The conduct of these proceedings
- This Court gave notice to the parties that a preliminary conference was proposed to be heard by Member PG Stilgoe.
- On 6 November 2017, a preliminary conference was conducted at the Cairns Courthouse by Member Stilgoe. At the conclusion of the preliminary conference, the parties reached a tentative agreement as to the compensation amount pending the resolution of some of the issues mentioned in the preliminary conference.
- On 6 December 2017, a representative of the applicant confirmed that all that was needed was a signature from the director. The correspondence on file demonstrates a lack of response to repeated requests by the applicant seeking material relating to carbon farming costs from the respondents.
- As no agreement was lodged, the matter proceeded to a directions hearing. This occurred on 8 December 2017, where the parties informed the Court that they had a draft compensation agreement to be signed.
- On the same day as the directions hearing, the respondents were emailed by the director of the applicant, Mr Steine, asking if they agreed to the proposed compensation agreement or not. Mr Steine sent a further email to the respondents on 23 January 2018 asking whether there was agreement to $10 per hectare for the mining lease area and $5 per hectare for the access area.
- I will note at this juncture that ML 20366 does not affect the respondents land for access purposes and therefore access compensation is not considered in this decision.
- On 23 February 2018 Ms Cheree Callaghan, on behalf of respondents, agreed to the compensation proposed by Mr Steine with the reservation that compensation be included in the agreement for any fire affecting the respondents’ carbon farming.
- Ms Callaghan states that she and her husband use their property for the purpose of carbon credit compensation and is concerned that if a fire should occur on the mining lease area that fire could destroy trees which generate carbon credits and thus income for she and her husband.
- Accordingly, Ms Callaghan submits that any compensation determination should include an allowance for the potential destruction of trees by fire and the consequential loss of carbon credits.
- Upon request by the applicant’s representative, Ms Cheree Callaghan said she would provide information to the applicant regarding the “carbon credit compensation”. In response to queries by the applicant’s representative, Ms Callaghan also advised that she had already had communications with “Country Carbon” and that satellite based fire maps may be used to determine where a fire starts on the property.

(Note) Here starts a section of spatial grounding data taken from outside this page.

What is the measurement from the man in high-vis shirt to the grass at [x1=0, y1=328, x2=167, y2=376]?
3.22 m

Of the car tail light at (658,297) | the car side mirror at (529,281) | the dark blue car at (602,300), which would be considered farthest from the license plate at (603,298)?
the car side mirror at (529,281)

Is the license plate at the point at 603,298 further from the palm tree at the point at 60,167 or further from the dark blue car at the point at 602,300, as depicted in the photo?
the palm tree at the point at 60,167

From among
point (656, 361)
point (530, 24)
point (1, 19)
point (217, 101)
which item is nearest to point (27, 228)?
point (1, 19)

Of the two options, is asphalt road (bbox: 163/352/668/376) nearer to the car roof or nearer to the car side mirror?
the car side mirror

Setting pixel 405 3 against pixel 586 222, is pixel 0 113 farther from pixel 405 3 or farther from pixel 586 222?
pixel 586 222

- On file is correspondence dated 26 February 2018 from “Country Carbon: Carbon Stock Agents” to Ms Callaghan detailing how compensation is to be worked out. The formula proposed by Country Carbon is as follows:
“If you divide the area of your property by the average amount of C02-e in your baseline period it will calculate how much area is assigned to each ACCU. So, with your project area being 105,142.09ha and your baseline period being 17,348.43 tonnes of CO2-e, each ACCU would be 6.061ha (105,142.09/17,348.43=6.061). As we already know, each ACCU is worth $11.00. So for every 6.061ha burnt as a result of the mining lease, you could be entitled to $11.00.”

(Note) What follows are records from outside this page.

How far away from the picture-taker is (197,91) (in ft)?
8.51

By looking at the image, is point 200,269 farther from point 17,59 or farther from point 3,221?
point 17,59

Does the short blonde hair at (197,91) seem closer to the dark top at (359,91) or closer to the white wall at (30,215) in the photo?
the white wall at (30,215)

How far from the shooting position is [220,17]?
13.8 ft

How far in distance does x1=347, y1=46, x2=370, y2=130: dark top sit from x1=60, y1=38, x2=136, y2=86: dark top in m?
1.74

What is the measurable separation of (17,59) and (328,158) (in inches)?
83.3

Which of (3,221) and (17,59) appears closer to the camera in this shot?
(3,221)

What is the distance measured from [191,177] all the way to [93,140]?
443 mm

- To ensure the formula is clear, ACCU is an acronym adopted for “Australian Carbon Credit Units”.
- As pointed out above in paragraph 11, s 281(3) sets out the matters in respect of which compensation is to be determined.

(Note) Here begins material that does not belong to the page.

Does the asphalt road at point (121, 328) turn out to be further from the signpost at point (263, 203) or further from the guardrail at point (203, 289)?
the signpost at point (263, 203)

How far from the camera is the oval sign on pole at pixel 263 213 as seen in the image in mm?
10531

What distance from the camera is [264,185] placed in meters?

- In my view, the potential loss of carbon credits consequent upon an outbreak of fire is too speculative to be able to be included in a determination of compensation. That does not mean that the Callaghan’s are not entitled to some compensation if a fire were to occur which resulted in the loss of trees.
- Section 283B provides for a review of compensation by this Court if there is a material change of circumstances for the mining lease. In my view, the outbreak of fire on the mining lease tenure area would constitute a change of circumstances such as would entitle the Callaghans to return to this Court.
The history of the matter
- The matter came before Member Stilgoe again on 29 March 2018 where her Honour ordered the filing of both parties’ statements of facts, matters and contentions and any supporting affidavits.
- To date, no material has been filed by either party. Rather, on 27 April 2018, an email was provided by the respondents to the effect that previous emails stipulate the facts, matters and contentions for the respondents and that there is agreement with compensation but that it needs to include compensation for any fires which is assessed the following year.
- The Court is left in the position of having to provide a decision about compensation based upon no evidence whatsoever from either party apart from limited correspondence agreeing to a compensatory figure without any formal agreement being lodged and an email containing carbon farming cost analyses.
- The mining lease area on Lot 5218 on PH 1103, as indicated above, is 7.1 hectares.
- As unsatisfactory as it may be, and in lieu of simply declining to determine any compensation whatsoever, the Court, on previous occasions, has resorted to other decisions from throughout Queensland as offering guidance as to the figure that should be settled upon.
- In this case, the mining district is in Mareeba, that is to say, it is in far north Queensland.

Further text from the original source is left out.